I haven't really tried to construct a test case yet ...

> Try doing it like gdbserver's thread_db_get_tls_address.
> 
> ...
>   lwp = get_thread_lwp (thread);
>   if (!lwp->thread_known)
>     find_one_thread (thread->entry.id);
> ...
> 
> That is, here what we're really after is the td_thrhandle_t
> of the current thread, in order to be able to call
> td_thr_tls_get_addr.  There's no need to walk thread_db's
> thread list to find that for a single thread.
> 
> find_one_thread makes use of td_ta_map_lwp2thr for the
> mapping we're after.
> On the GDB side, the equivalent is linux-thread-db.c:thread_from_lwp.

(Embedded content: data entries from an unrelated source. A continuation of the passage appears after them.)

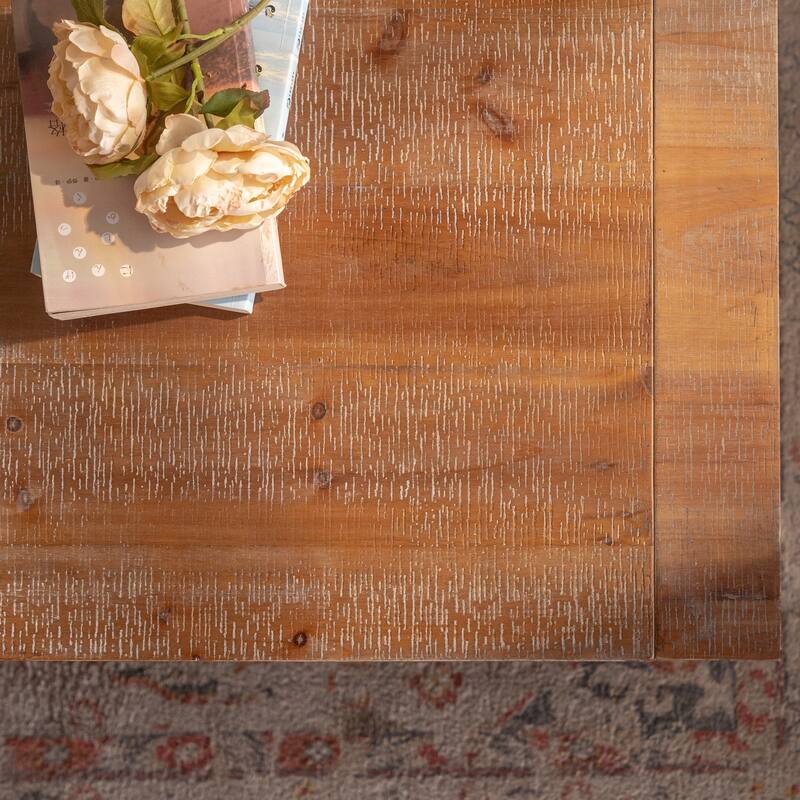 Rectangular Coffee Table 2 Tiers Rustic Style Coffee Table with Storage Shelf and Oversized Tabletop, for Living Room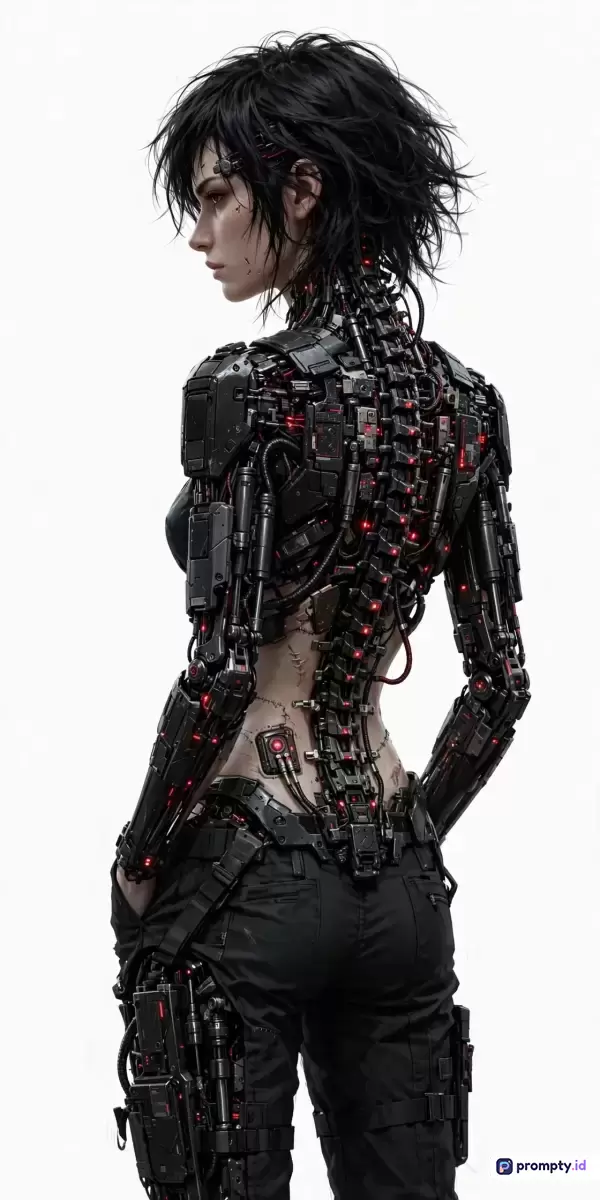 Gambar bergaya ilustrasi digital fiksi ilmiah beresolusi tinggi ini menampilkan cyborg wanita berambut hitam pendek dengan struktur tulang belakang mekanis yang kompleks, memadukan konten teknologi futuristik dengan estetika tubuh manusia, menggunakan palet warna dominan hitam, abu-abu gelap, dan merah menyala, serta diperkaya dengan kata kunci seperti cyberpunk, robotik, anatomi futuristik, cyborg wanita, dan sci-fi.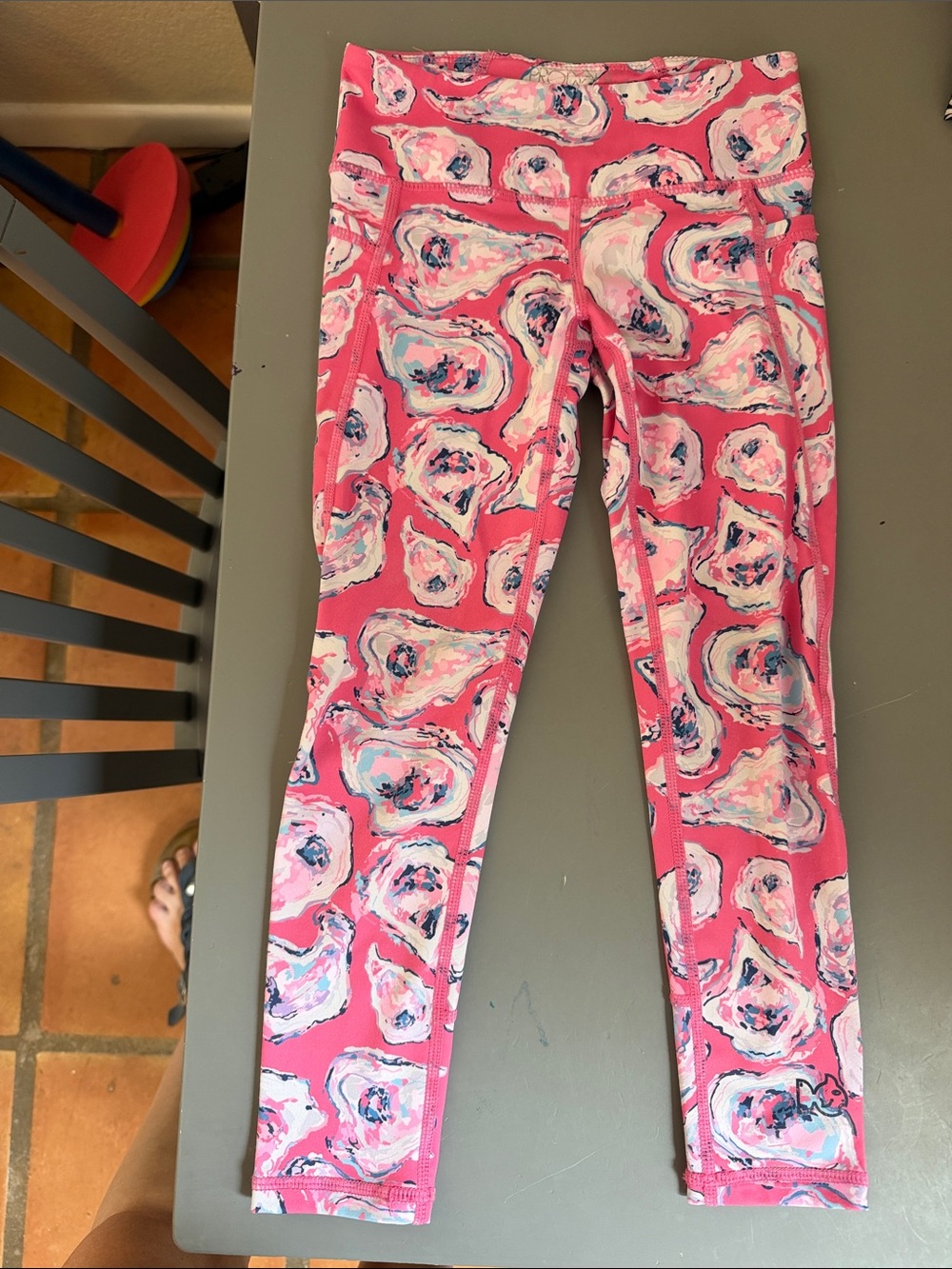 Girls' Bright Pink Swirl Print Active Leggings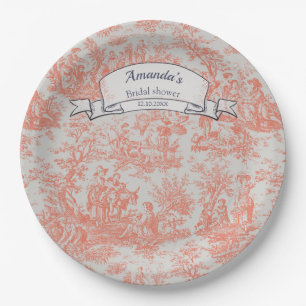 Assiettes En Carton Rideau de douche vintage toile de Jouy orange à mo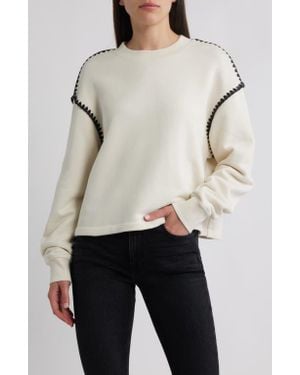 Rag & Bone Blanket Stitch Terry Sweatshirt - Natural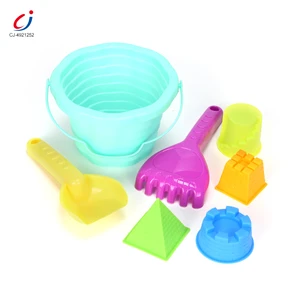 Chengji Plastic Sand Castle Molds Toy Portable Cartoon Colorful Tool Toys Set for Kids Custom-made Beach Bucket Toy Set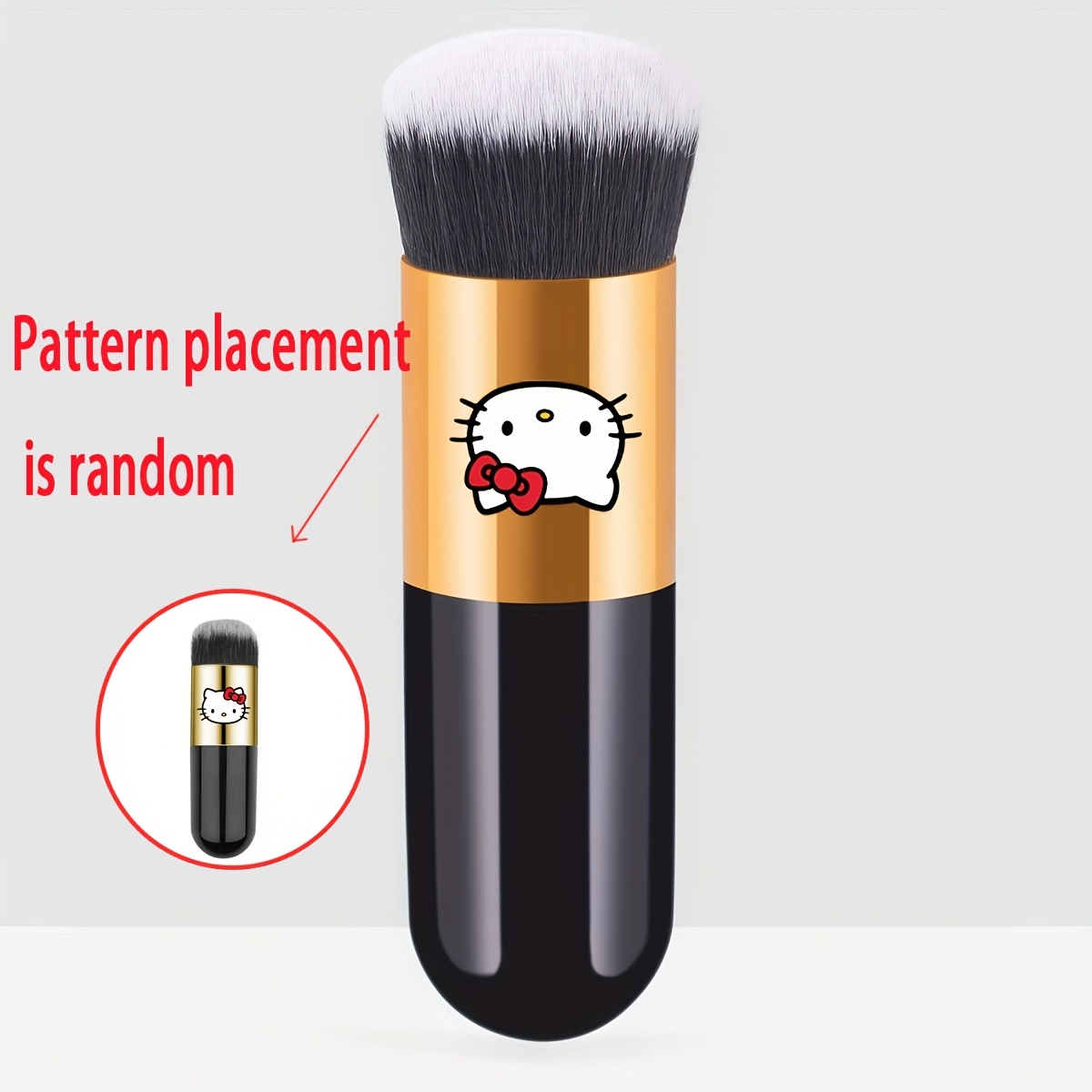 Image of Hello Kitty Round Makeup Brush, Ultra Soft Dense Bristles No Streak Non-absorbent Liquid Foundation Brush, Portable Handheld Cosmetic Blush Brush For Women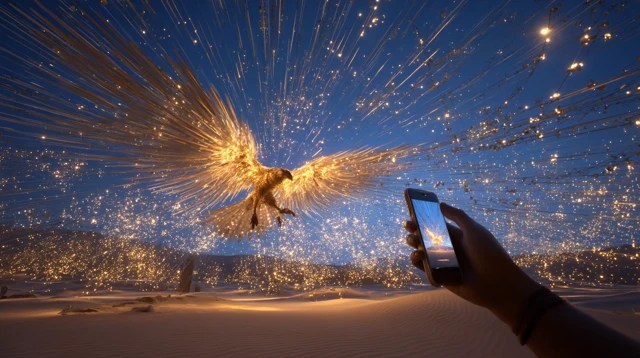 Golden Falcon in Desert Night 3D Rendering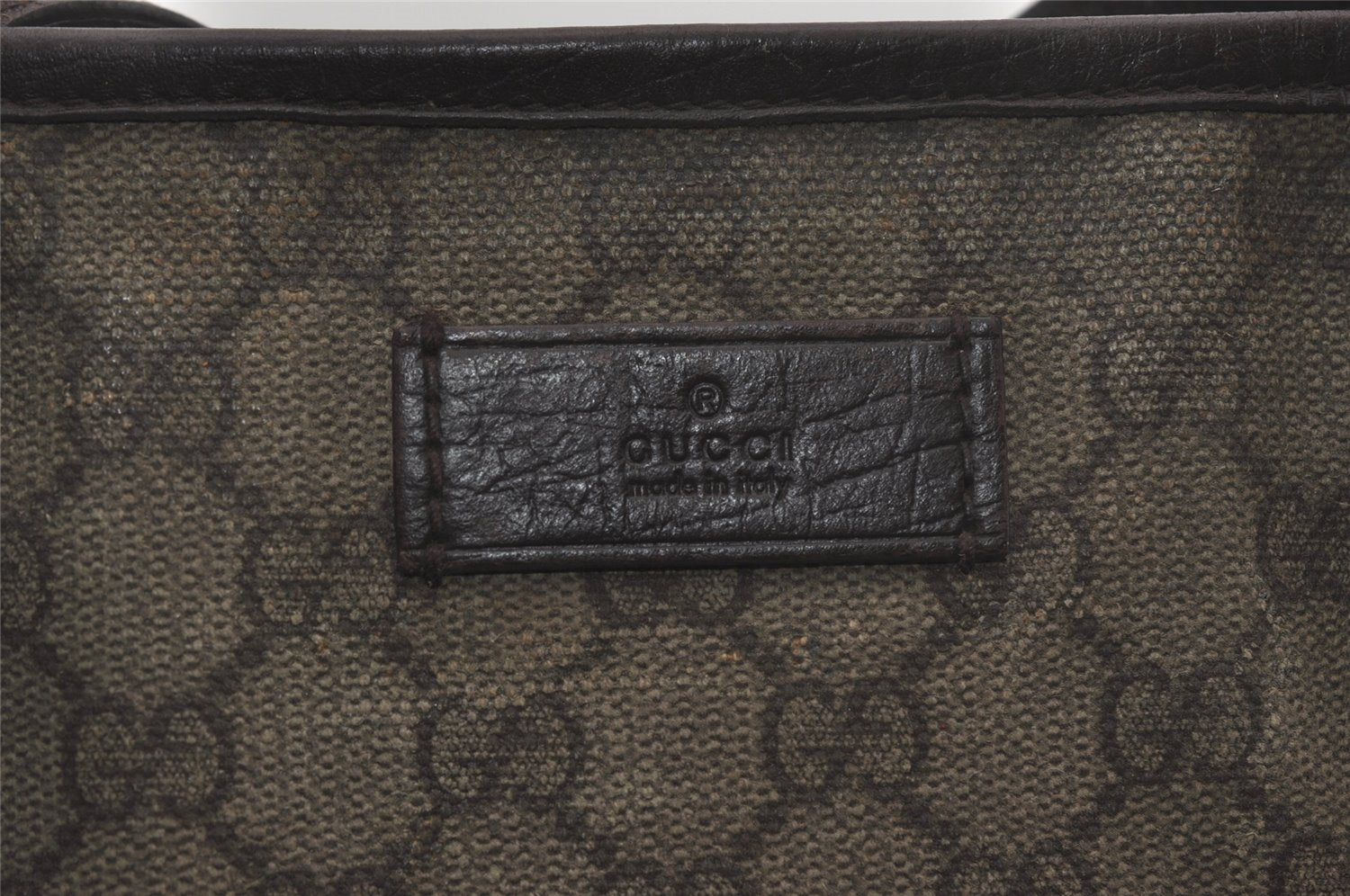 Authentic GUCCI Vintage Shoulder Tote Bag GG PVC Leather 181084 Brown 6962I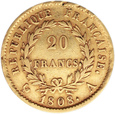 Francja, 20 franków 1808 r. A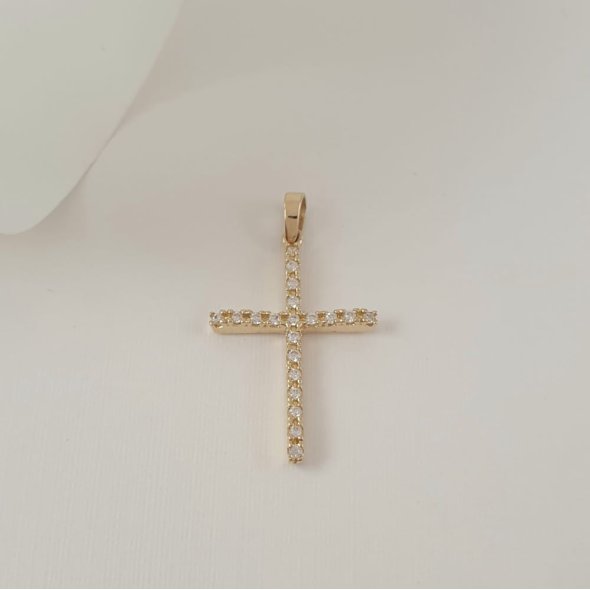 Σταυρός με Ζιργκον - ΚΙΤΡΙΝΟ, ΧΡΥΣΟΣ K14, ΖΙΡΓΚΟΝ, WHITE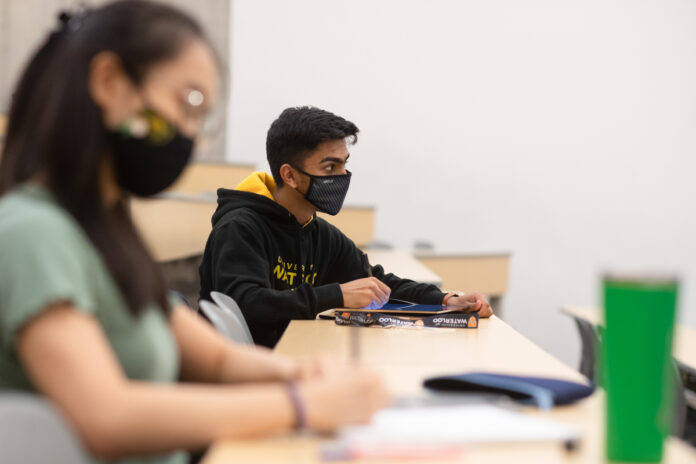 Masked students at the University of Waterloo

Ah, indeed that works for me.  The attached patch also fixes the
problem for me.

Bye,
Ulrich
  

Comments

Pedro Alves Aug. 26, 2015, 7:42 p.m. UTC | #1
On 08/26/2015 08:01 PM, Ulrich Weigand wrote:
> Pedro Alves wrote:

>> (Sounds like the testsuite could be improved to better detect this.)
> 
> Yes, I think I'll at least set the test case to UNRESOLVED if
> something unexpected happens while attempting to detect whether
> we have Cell/B.E. hardware.

Sounds good to me.

> This is where it triggers for me:
> 

Thanks, I see.

>> find_one_thread makes use of td_ta_map_lwp2thr for the
>> mapping we're after.
>> On the GDB side, the equivalent is linux-thread-db.c:thread_from_lwp.
> 
> Ah, indeed that works for me.  The attached patch also fixes the
> problem for me.
> 

LGTM.

Thanks,
Pedro Alves
  

Patch

Index: binutils-gdb/gdb/linux-thread-db.c
===================================================================
--- binutils-gdb.orig/gdb/linux-thread-db.c
+++ binutils-gdb/gdb/linux-thread-db.c
@@ -1851,13 +1851,16 @@  thread_db_get_thread_local_address (stru
   struct thread_info *thread_info;
   struct target_ops *beneath;
 
-  /* If we have not discovered any threads yet, check now.  */
-  if (!have_threads (ptid))
-    thread_db_find_new_threads_1 (ptid);
-
   /* Find the matching thread.  */
   thread_info = find_thread_ptid (ptid);
 
+  /* We may not have discovered the thread yet.  */
+  if (thread_info != NULL && thread_info->priv == NULL)
+    {
+      thread_from_lwp (ptid);
+      thread_info = find_thread_ptid (ptid);
+    }
+
   if (thread_info != NULL && thread_info->priv != NULL)
     {
       td_err_e err;